In other news, I've decided to re-route myself and take a different bus route. I take this one bus which goes down "the Poor People" street (it's not judgmental if it's true) and a shitload (literally!) of smelly people get on that bus. And now twice I've had to sit beside people who smell like sweat and garbage. Argh! And you know, I know that this happens. I am not trying to be mean, but being trapped in a stink cell, trapped between a wall and a stink lump of a person, really, really, sucks. But I try to be nice. I try to stick it out. I don't want to get up and move.

BUT! Here's a fun tale: So this guy (let's say he's large. Let's say he's massively overweight. Let's say, the bus seats are not equipped for his size) gets on the bus and yeah he's big and that's fine. I can deal with large people sitting next to me. it's fine, it's fine. but! You cannot come in and try to get square footage in my bus seat! Who are, fat Christopher Columbus? Honestly, we should be able to put up mini bus-fences so people DO NOT CROSS THE SEAT LINE. Annoying. It's like really... Do I really want to ride with your big ol' arm jabbing my gut? no. No I do not. Personal space, people! I like mine a whole lot. So he falls asleep, halfway into my bus-seat property and I'm pissed. Do not touch me with your cigarette-smelling jacket. So, I create a "Purse barrier". What to do when you want to keep people out? You build fences. I learned from my Chinese peeps that building a great wall is where it's at.
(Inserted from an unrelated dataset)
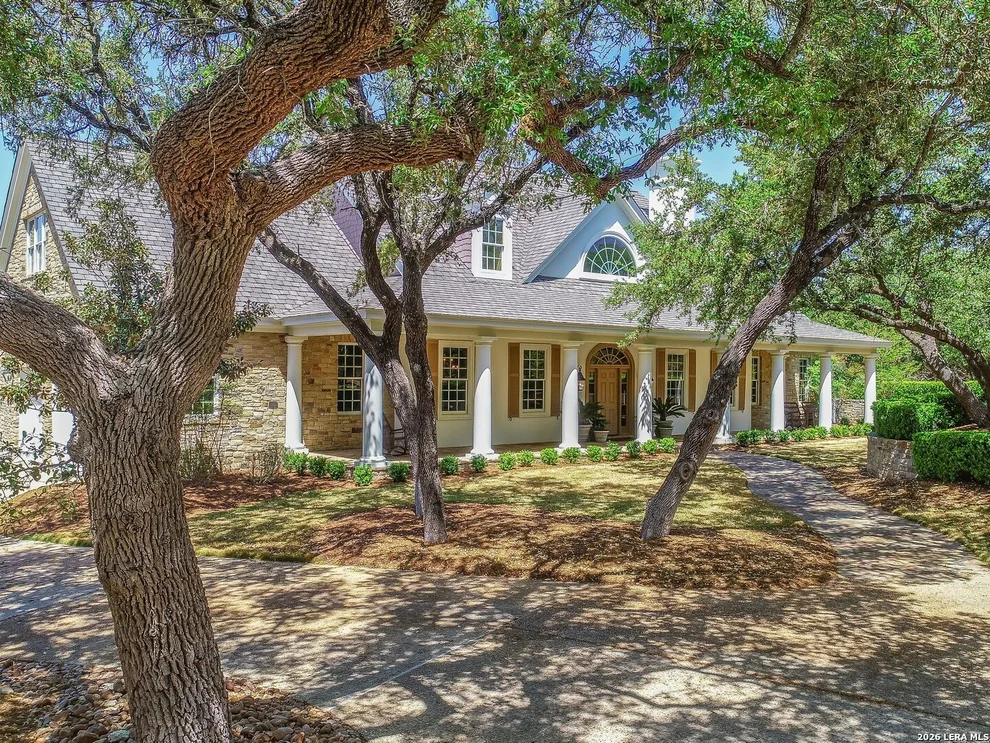Unit for sale at 914 Moonlight Dr, Canyon Lake, TX 78133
So I put my purse between us (apologizing to my purse for the smell it has to endure) and slowly push him OUT OF MY PROPERTY. This becomes thrilling. It's like sweeping... I push... and push. and.... go to far. He nearly falls out of his seat! Embarrassing (for both of us).

He gets off a few stops earlier (I don't think because of me). And even though I feel bad, the thing is, I don't really. I don't go on the bus to be sat on.
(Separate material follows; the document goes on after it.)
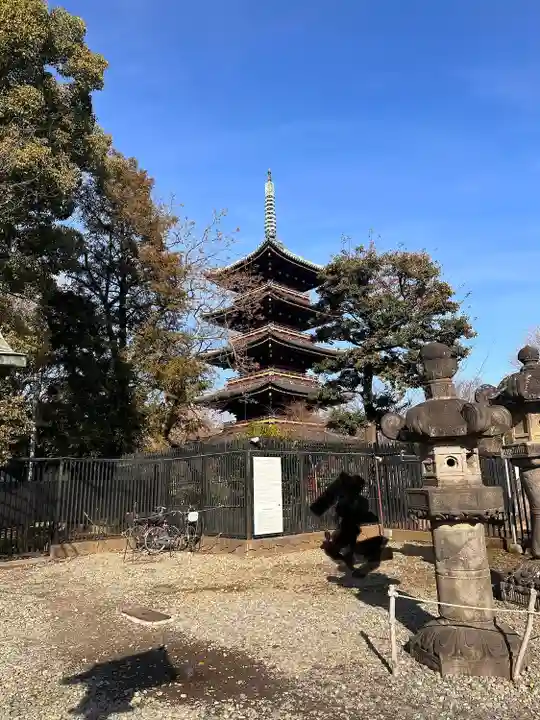 上野東照宮(東京都)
I'm a good person, really.

Saturday, May 9, 2009

I'm a Whitney lookin' for a Lauren

Today my first week of Magazine Publishing ended. When people ask me how it's going, it's kind of hard to say because 1/4 of it was a lot of "team building ice breaker games" (ie. "what quirky thing do you have in common?", "what would be your exotic dancer name?"); 1/4 has been review of my BA stuff (if only I had any longterm memory, 50% would probably be review); 1/4 is exciting, 1/4 is unknown, which is the scariest part. Did that even add up right? It's fine, I'm not in a math program... yeahhh...
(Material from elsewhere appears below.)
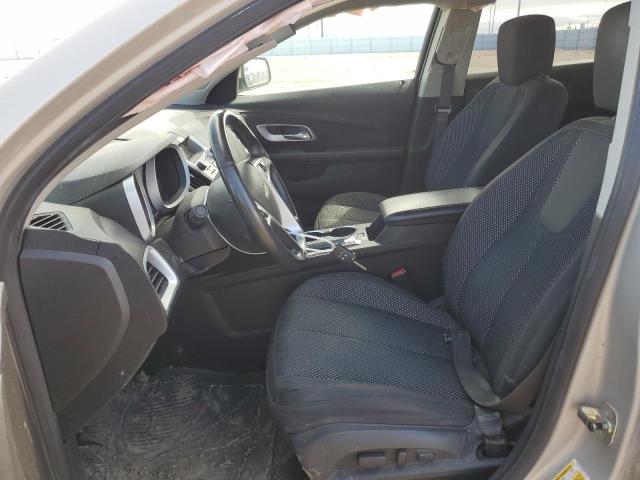 Photo 7 from auction – 2011 CHEVROLET EQUINOX LT with VIN 2CNFLNEC3B6217744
I'm not sure where I stand, since we haven't been graded yet and I still have that nervousness where I want to do well so badly that I might end up choking. I have no idea where these other students are coming from. WHAT ARE YOUR AGENDAS, FELLOW PUBLISHING STUDENTS? Put a bunch of like-minded students together and it's all well and good until you figure out what the hierarchies are. I just want to be the awesomest. Is that too much to ask?

At a more basic level, everyone seems relatively nice and the campus smells like Cedar (and sometimes garbage)? I've been getting around okay (mostly because my colleages lead me around) however I got lost once attempting to follow someone to the bus loop, only to realize I was following them to their car. AWKWARD.

It's tiring though. Even though my hours are shorter, I'm not used to waking up at 630am regularly. I've never had to, so, yeah. But it's been okay so far. You'll see, in a couple of weeks I'll be swearing and cursing transit because I keep waking up too late and they don't pick me up.

I think that's all for now... must sleep. oooh. I've been up for 21 hours. sweet. Shall I attempt to go for 24?